Nine Mile Point Nuclear Station, LLC, Docket Nos. 50-220, and 50-410, Nine Mile Point Nuclear Station, Unit Nos. 1 and 2, Oswego County, New York

Date of application for amendments: January 8, 2004 (2 letters), as supplemented by letter dated June 17, 2004.

Brief description of amendments: The amendments approve implementation of the Boiling Water Reactor Vessel and Internals Project Reactor Pressure Vessel Integrated Surveillance Program as the basis for demonstrating the units' compliance with the requirements of appendix H to Title 10 of the Code of Federal Regulations. Specifically, the amendments approved the wording proposed by the licensee to update the units' Updated Safety Analysis Reports. In addition, the Unit 1 amendment also revised the Technical Specifications to delete any reference to plant-specific surveillance requirements.

Date of issuance: November 8, 2004.

Effective date: As of the date of issuance. Integrated Surveillance Program shall be implemented within 90 days of issuance. The units' Final Safety Analysis Report (Updated) shall be updated in accordance with 10 CFR 50.71(e).

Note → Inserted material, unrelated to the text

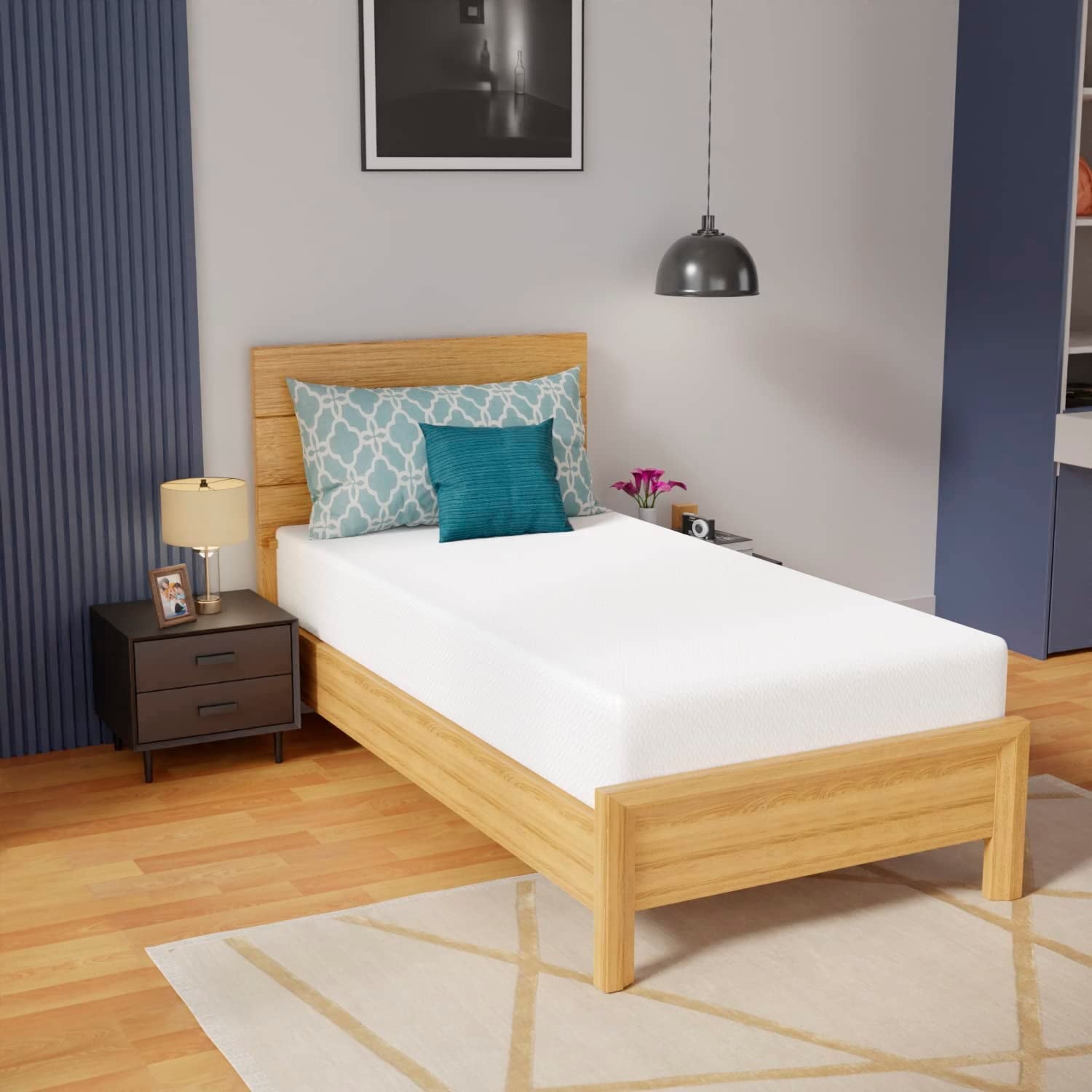 10 Inch Memory Foam Mattress Twin Mattress Wave Comfort Foam Mattress CertiPUR-US Certified,Removable Soft Cover, mattresses for Bed Frame, Bunk Bed, Trundle, Daybed,White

Amendment Nos.: 184 and 114.

Facility Operating License Nos. DPR-63 and NPF-69: Amendments revise the Technical Specifications (for Unit 1), the operating license (for Unit 2), and approve revision of licensing basis for both units.

Date of initial notice in Federal Register: February 17, 2004 (69 FR 7524). The June 17, 2004, letter provided clarifying information within the scope of the original application and did not change the staff's initial proposed no significant hazards consideration determination. The Commission's related evaluation of the amendments is contained in two Safety Evaluations, both dated November 8, 2004.

No significant hazards consideration comments received: No.

Nuclear Management Company, LLC, Docket No. 50-263, Monticello Nuclear Generating Plant, Wright County, Minnesota

Date of application for amendment: December 23, 2003, as supplemented June 21, 2004.

Brief description of amendment: The amendment changes Technical Specification (TS) Limiting Condition for Operation (LCO) Tables 3.2.1 and 3.2.4 to (1) eliminate the reactor head cooling containment isolation function from the TSs, (2) correct and clarify the description of the number of instrument channels per trip system as defined in the TSs, and (3) revise an existing LCO for radiation monitors used to isolate reactor building ventilation and initiate the standby gas treatment system.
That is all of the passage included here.